| YOUR OBJECTIVE |
Your task is to copy the data exactly while leaving out every picture.

| RECORD SET |

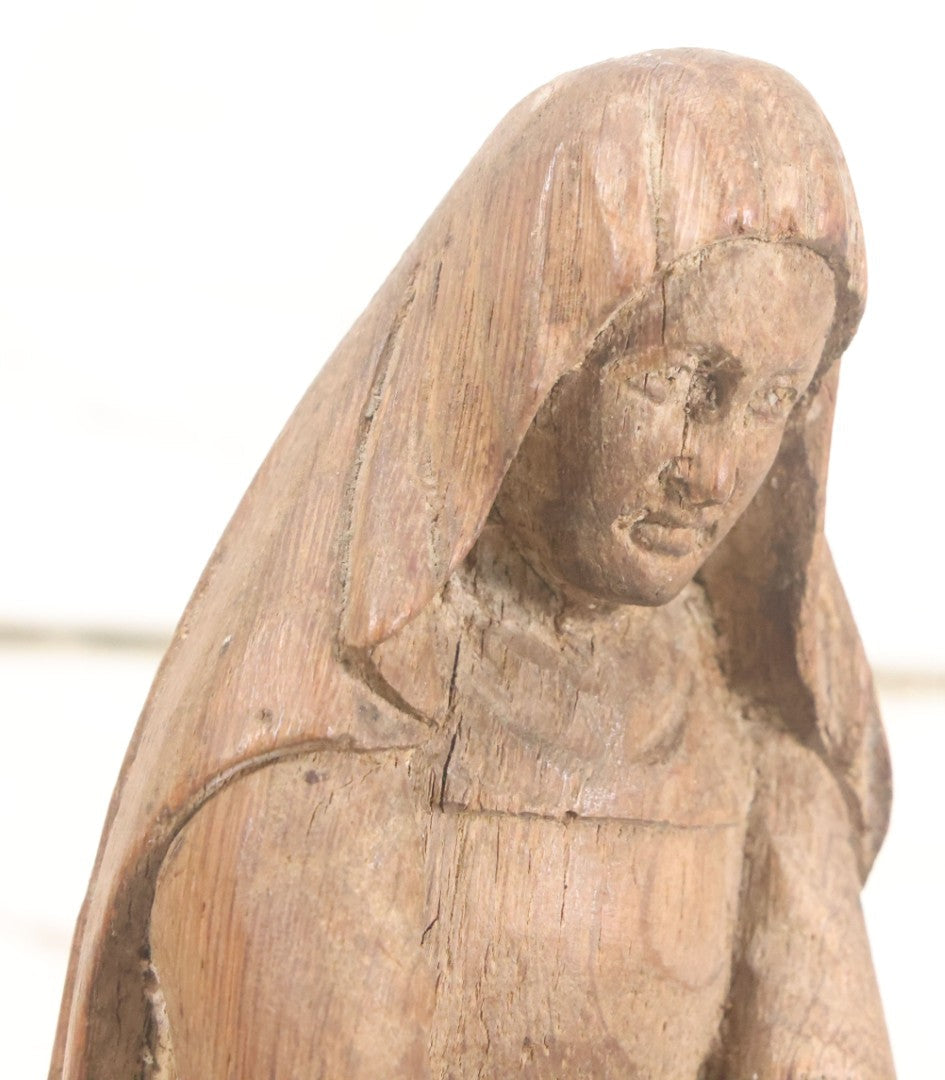 Lot 021 - Antique Folk Art Hand Carved Wooden Nun Statue, 10-1/4" High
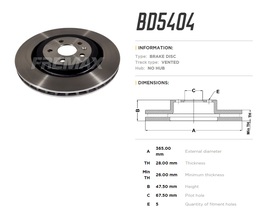 Диск тормозной задний Chevrolet Camaro 09->15  высокоуглеродистый  365x28 mm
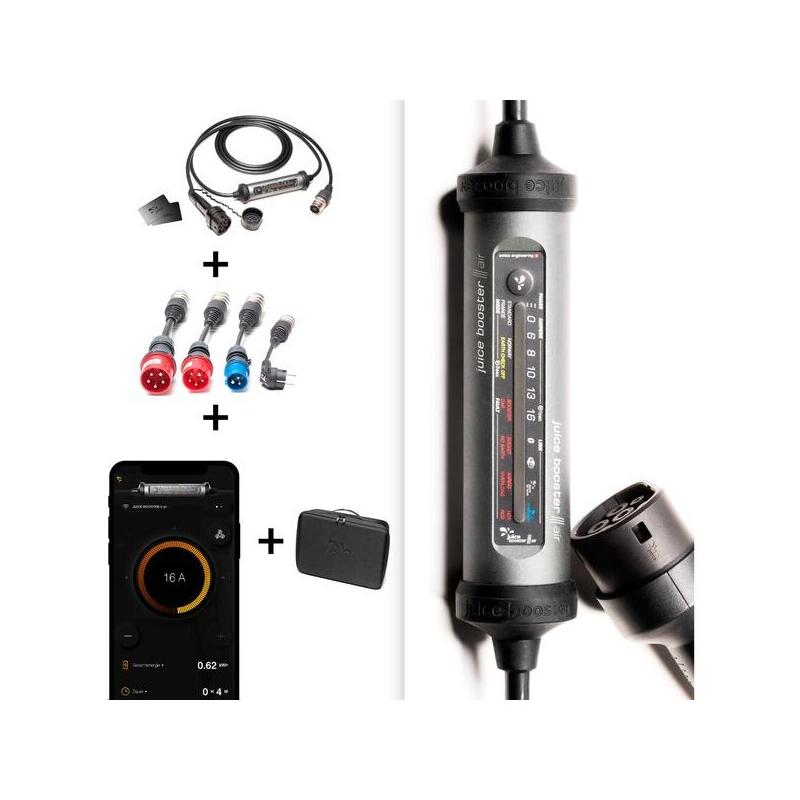 Juice Technology Juice Booster 3 Air Country Eu Traveller Set, Caja De Pared Antracita/Negro, 1,4 - 11 Kw, Cable De 3,1 Metros El-Jb3ag2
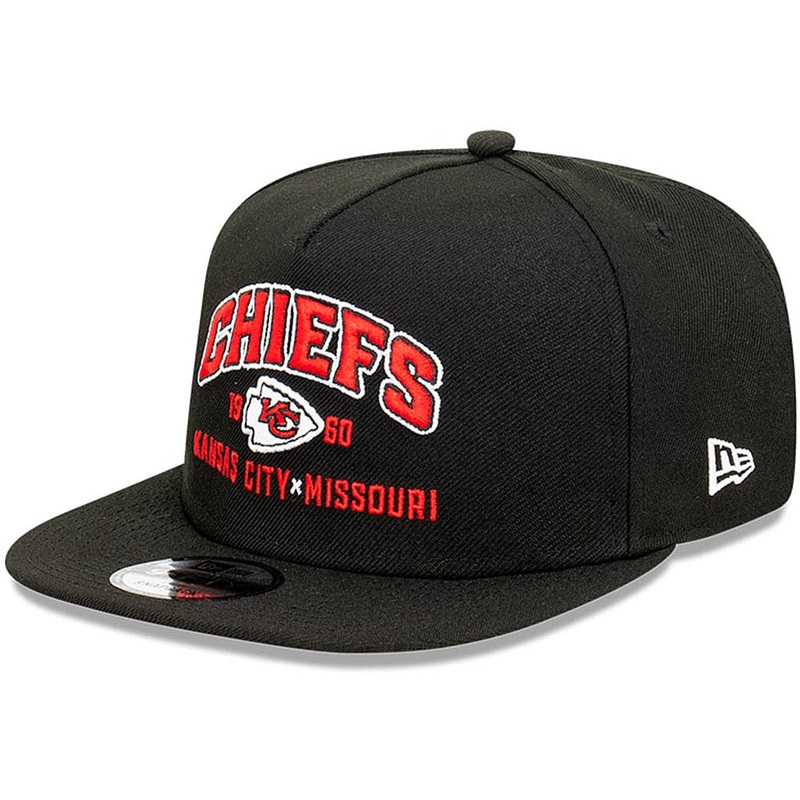 Kansas City Chiefs New Era NFL Arch Script 9FIFTY OF A-Frame Snapback Hat – Black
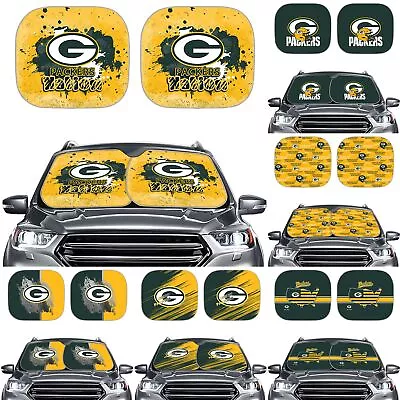 Green Bay Packers 2PCS Car Window Sun Shade Auto Shade For Windshield Visor Gift • $23.74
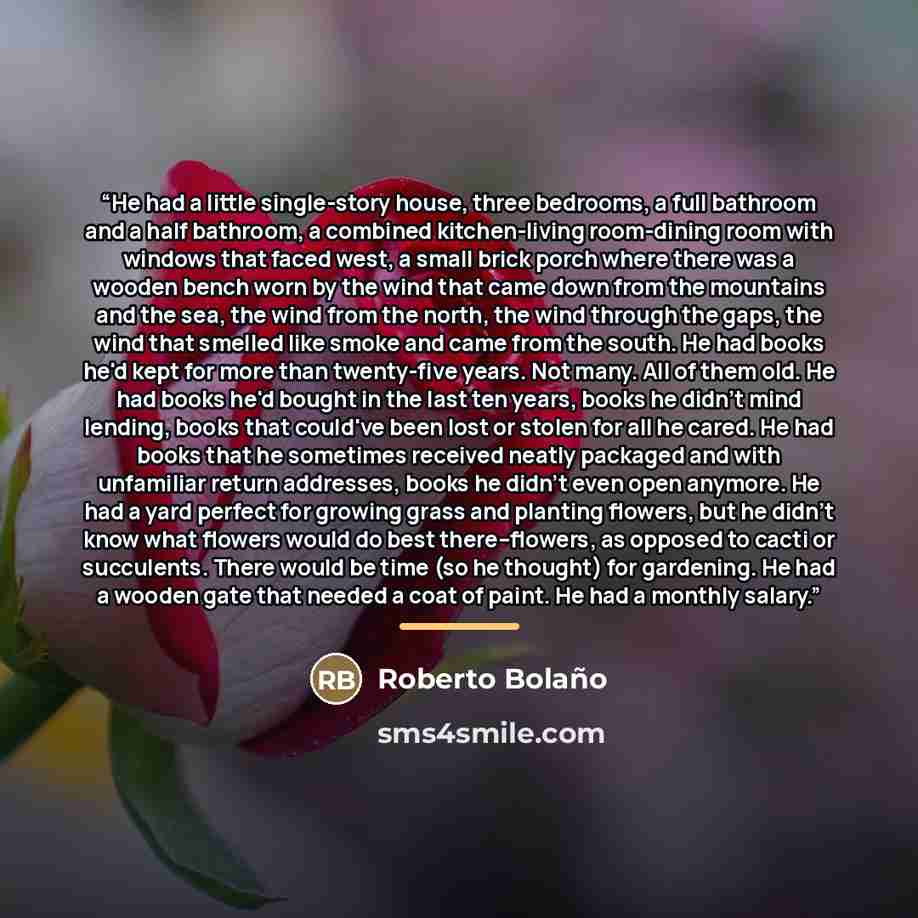 “He had a little single-story house, three bedrooms, a full bathroom and a half bathroom, a combined kitchen-living room-dining room with windows that faced west, a small brick porch where there was a wooden bench worn by the wind that came down from the mountains and the sea, the wind from the…” quote by Roberto Bolaño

| RESULT BELOW |
 Lot 021 - Antique Folk Art Hand Carved Wooden Nun Statue, 10-1/4" High
 Диск тормозной задний Chevrolet Camaro 09->15  высокоуглеродистый  365x28 mm
 Juice Technology Juice Booster 3 Air Country Eu Traveller Set, Caja De Pared Antracita/Negro, 1,4 - 11 Kw, Cable De 3,1 Metros El-Jb3ag2
 Kansas City Chiefs New Era NFL Arch Script 9FIFTY OF A-Frame Snapback Hat – Black
 Green Bay Packers 2PCS Car Window Sun Shade Auto Shade For Windshield Visor Gift • $23.74
 “He had a little single-story house, three bedrooms, a full bathroom and a half bathroom, a combined kitchen-living room-dining room with windows that faced west, a small brick porch where there was a wooden bench worn by the wind that came down from the mountains and the sea, the wind from the…” quote by Roberto Bolaño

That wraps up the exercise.